Global -> Trainer Handlers

General NN trainer

class tardis_em.utils.trainer.ISR_LR(optimizer: Adam, lr_mul: float, warmup_steps=1000, scale=100)

Handles learning rate scheduling with warmup and scaling for an inner optimizer.

This class provides a custom learning rate scheduling strategy, blending a warmup period followed by scaled, decreasing learning rates. It also wraps core optimizer functionalities like stepping, zeroing gradients, saving, and loading the optimizer’s state. The scheduling ensures a dynamic learning rate control to improve model training stability and efficiency.

load_state_dict(checkpoint: dict)

Loads the state_dict of the optimizer from a given checkpoint.

Parameters:

checkpoint – A dictionary containing the state_dict of the optimizer.

Returns:

None

state_dict()

Wrapper for retrieving Optimizer state dictionary

step()

Step with the inner optimize

zero_grad()

Zero out the gradients with the inner optimizer

get_lr_scale()

Compute scaler for LR

class tardis_em.utils.trainer.BasicTrainer(model, structure: dict, device: device, criterion, optimizer: ISR_LR | Adam, print_setting: tuple, training_DataLoader, validation_DataLoader=None, lr_scheduler=False, epochs=100, early_stop_rate=10, instance_cov=2, checkpoint_name='DIST', classification=False)

This class initializes a trainer for machine learning models, with the capability to handle various neural network structures and configurations. It includes train and validation data loaders, optional learning rate scheduling, early stopping, and metric tracking. It is targeted for both classification and distributed computation tasks.

run_trainer()

Executes the training process for a machine learning model. This method handles the initialization of necessary components such as progress bars, early stopping, and training directories. It iteratively trains and validates the model over a specified number of epochs, updating progress and metrics. The process supports early stopping to terminate training if a certain condition is met.

Raises:

FileExistsError – If errors occur while handling directory setup.

Returns:

None

Loss functions

class tardis_em.utils.losses.AbstractLoss(smooth=1e-16, reduction='mean', diagonal=False, sigmoid=True)
activate(logits)
ignor_diagonal(logits, targets, mask=False)
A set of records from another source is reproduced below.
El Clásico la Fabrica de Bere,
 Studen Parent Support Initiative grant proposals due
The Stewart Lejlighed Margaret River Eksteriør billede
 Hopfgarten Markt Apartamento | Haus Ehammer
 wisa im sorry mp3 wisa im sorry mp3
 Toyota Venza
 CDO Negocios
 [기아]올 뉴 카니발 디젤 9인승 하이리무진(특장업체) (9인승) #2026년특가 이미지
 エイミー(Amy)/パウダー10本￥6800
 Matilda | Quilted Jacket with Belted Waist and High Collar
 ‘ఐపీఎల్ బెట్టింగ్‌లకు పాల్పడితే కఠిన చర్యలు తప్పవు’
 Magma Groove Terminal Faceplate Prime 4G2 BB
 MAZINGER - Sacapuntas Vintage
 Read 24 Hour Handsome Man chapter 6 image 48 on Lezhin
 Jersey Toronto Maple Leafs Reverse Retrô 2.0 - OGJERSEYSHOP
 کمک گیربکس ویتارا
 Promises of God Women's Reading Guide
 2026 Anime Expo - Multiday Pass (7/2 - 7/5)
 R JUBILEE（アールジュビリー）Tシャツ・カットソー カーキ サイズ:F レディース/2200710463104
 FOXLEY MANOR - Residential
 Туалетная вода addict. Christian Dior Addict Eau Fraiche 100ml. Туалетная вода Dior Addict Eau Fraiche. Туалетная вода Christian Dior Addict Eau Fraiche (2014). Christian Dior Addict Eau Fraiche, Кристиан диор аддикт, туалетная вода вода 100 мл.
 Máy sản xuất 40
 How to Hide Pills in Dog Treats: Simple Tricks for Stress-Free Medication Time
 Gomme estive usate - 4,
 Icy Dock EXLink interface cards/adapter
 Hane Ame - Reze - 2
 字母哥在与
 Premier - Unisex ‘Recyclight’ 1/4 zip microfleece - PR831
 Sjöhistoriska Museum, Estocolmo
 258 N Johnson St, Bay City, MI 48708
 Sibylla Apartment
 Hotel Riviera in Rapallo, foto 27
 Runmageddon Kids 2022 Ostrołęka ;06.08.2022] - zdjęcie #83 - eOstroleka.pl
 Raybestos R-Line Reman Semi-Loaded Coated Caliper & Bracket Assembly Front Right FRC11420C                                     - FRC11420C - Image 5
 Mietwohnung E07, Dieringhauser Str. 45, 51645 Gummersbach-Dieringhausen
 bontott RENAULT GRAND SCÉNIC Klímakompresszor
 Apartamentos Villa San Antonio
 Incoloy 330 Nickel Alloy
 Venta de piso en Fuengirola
Applies processing to logits and targets to ignore the diagonal entries when the diagonal condition is set. The behavior changes based on the value of the mask parameter. If masking is enabled, the diagonal entries of logits and targets are nullified. Without masking, the diagonal entries of logits and targets are set to 1.

Parameters:
  • logits – A tensor representing unnormalized log probabilities of predicted classes.

  • targets – A tensor representing the actual target classes.

  • mask – A boolean indicating whether to apply zero masking on the diagonal elements of logits and targets.

Returns:

A tuple containing the processed logits and targets tensors, with the diagonal entries adjusted based on the mask parameter.

initialize_tensors(logits, targets, mask)

Initializes tensors by applying activation to the logits and optionally ignoring diagonal in graph structures.

Parameters:
  • logits (Tensor) – The input tensor representing logits which undergo activation.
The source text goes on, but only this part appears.